Monday, August 6, 2018

Review of "The Good Girl," DVD version

Review of
The Good Girl, DVD version

Four out of five stars
 The cover of the case of the version I viewed had the two blurbs, “Sly, comic and touching” and “A comedy of winning delicacy and heart.” Quite frankly, I wonder if they were watching this movie when they expressed those opinions, for this is not a comedy. It is an episode of the darker reality of the lives so many people live.
 Jennifer Aniston plays the character of Justine Last and she is caught in a soul and life sucking job as a clerk at a large department store, complete with blue smock and name tag. Early in the movie she comes home from work and finds her husband (a house painter) and his partner and best buddy sitting on the couch in their paint-stained work clothes. Even worse, they are well into the process of smoking a significant amount of marijuana.

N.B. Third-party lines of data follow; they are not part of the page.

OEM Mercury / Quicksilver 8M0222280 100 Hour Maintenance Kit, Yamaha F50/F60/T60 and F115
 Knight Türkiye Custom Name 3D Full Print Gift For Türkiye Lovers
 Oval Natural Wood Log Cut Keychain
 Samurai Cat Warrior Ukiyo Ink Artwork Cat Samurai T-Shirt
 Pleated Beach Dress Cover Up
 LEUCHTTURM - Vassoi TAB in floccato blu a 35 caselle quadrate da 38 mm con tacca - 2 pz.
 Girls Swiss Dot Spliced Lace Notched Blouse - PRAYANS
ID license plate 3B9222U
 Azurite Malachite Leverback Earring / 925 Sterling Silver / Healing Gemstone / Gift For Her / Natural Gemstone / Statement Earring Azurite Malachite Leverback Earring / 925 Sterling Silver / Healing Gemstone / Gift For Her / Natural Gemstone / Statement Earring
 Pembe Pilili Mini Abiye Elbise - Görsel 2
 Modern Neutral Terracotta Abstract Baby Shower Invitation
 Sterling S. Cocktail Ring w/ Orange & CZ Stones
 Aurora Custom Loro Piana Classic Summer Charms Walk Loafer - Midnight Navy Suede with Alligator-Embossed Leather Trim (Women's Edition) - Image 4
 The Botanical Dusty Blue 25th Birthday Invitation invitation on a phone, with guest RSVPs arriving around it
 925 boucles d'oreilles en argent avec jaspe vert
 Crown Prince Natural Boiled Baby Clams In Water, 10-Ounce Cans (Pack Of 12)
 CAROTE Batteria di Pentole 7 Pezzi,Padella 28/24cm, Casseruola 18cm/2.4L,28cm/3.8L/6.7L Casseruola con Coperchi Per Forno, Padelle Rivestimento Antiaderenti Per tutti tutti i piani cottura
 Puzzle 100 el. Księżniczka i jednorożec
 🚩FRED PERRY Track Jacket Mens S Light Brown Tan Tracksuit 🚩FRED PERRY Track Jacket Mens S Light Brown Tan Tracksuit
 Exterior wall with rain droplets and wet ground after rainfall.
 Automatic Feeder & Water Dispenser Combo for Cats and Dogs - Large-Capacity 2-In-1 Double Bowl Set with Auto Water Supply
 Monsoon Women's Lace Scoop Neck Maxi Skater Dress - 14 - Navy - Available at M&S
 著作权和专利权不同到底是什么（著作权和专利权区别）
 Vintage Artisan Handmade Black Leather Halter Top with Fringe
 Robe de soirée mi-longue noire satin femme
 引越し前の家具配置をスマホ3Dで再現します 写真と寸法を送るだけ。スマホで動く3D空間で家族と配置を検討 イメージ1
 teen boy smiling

As the viewer learns very soon, her husband is not too bright, even when there are no psychoactive drugs coursing through his brain.
 Her frustrations with her life and circumstances having built up, Justine encounters a much younger co-worker that goes by the name of “Holden,” after the main character in the classic book “Catcher in the Rye” by Salinger. Holden claims to be a writer and due to many factors, Jennifer willingly enters into a torrid sexual affair with him, even though he is in his twenties and still living with his parents.
 Jennifer quickly learns that Holden is incredibly needy and mentally unstable, but she is seduced by the presence of something exciting in her life. However, the situation starts to unravel as she is not very good at hiding her relationship with Holden. Jennifer is then forced to blatantly lie to protect herself, even when it is damaging to others. She is also blackmailed into performing an act that disgusts her.  There is a resolution to the issues, but it is a grim one. It is far more realistic than the mythical one of the two lovers running away together in the throes of intense love for each other. The happily ever after ending.
 Jake Gyllenhaal plays Holden and he is masterful as the intense, yet incredibly needy and not all that talented man of no means to do much of anything. Aniston is also superb as the woman in a dead-end job and life that wants and finds excitement, something to make her interested in living. In so many ways, Jennifer is a role model for clerks at department and convenience stores, stuck in a dead-end job, waiting for something exciting to happen to them. Even if it is almost impossible for the events to turn out positive.